Given my interest in persistent URLs and reliable citation, it’s surprising that I only just today learned about WebCite. Here is the WebCite URL for a recent entry of mine:

http://www.webcitation.org/5TLg33jR5

This looks a lot like a TinyURL. If you’re on Twitter, you’re seeing a lot of those because Twitter automatically invokes the TinyURL service when you cite an URL.

But WebCite has a different, and very special, mission. It’s for scholarly and professional authors whose articles are themselves persistently linkable by way of Digital Object Identifiers. Increasingly those articles cite more ephemeral things, like blog entries. Using a WebCite bookmarklet, these authors can produce URLs that point to archived copies of web pages. Think Wayback Machine, but you can ask to have an item archived and be sure that it will be.
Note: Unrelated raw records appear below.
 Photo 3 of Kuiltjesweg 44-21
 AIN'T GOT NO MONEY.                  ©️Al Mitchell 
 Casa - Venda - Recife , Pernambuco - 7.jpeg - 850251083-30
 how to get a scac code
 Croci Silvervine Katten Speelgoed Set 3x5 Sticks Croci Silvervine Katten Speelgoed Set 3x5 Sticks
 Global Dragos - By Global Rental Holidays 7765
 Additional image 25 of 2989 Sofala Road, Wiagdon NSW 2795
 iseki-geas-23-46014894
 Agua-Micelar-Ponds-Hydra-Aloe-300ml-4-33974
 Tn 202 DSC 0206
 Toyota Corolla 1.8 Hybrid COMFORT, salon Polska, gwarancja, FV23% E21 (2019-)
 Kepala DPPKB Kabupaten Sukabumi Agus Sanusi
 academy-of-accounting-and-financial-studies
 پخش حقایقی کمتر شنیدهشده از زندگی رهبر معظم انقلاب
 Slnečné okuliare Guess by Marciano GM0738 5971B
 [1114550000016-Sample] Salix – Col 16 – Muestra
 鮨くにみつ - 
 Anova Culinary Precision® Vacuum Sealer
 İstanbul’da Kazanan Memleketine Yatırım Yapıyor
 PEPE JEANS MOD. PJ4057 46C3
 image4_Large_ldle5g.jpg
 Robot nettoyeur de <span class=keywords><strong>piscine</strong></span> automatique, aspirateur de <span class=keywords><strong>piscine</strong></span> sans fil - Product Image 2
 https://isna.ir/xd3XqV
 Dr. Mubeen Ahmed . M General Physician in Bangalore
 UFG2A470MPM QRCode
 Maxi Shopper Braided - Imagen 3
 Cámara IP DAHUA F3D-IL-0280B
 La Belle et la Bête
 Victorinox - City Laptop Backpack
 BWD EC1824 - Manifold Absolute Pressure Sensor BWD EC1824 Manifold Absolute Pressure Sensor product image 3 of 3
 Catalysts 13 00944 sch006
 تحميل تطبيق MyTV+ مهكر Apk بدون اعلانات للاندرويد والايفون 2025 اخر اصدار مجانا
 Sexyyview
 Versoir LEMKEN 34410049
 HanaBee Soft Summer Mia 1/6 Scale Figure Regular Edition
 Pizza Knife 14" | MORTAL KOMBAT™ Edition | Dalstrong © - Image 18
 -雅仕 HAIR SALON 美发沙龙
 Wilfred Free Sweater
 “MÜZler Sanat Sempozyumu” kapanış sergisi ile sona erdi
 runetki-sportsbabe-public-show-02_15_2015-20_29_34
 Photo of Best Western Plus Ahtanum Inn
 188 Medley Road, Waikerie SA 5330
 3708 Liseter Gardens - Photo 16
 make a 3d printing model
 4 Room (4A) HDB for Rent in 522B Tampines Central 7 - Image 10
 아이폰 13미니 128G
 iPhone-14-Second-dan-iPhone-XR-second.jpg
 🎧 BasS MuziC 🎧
This is cool, and it’s interestingly different from the ad-supported TinyURL. In the case of WebCite, support is expected from a consortium of publishers whose content cites a mix of persistent academic works and ephemeral web stuff. Such content will be more valuable, the reasoning goes, if the ephemera can also be reliably cited.

As the author of ephemeral items, of course, I’d like to insert myself into that value chain. In this model the citing author and the publisher can see referrals to my item, but I can’t. That’s another reason why I need a lifebits system that’s independent of my blog publishing service, and of linking and persistence services, but can control my namespace and syndicate to and from those services.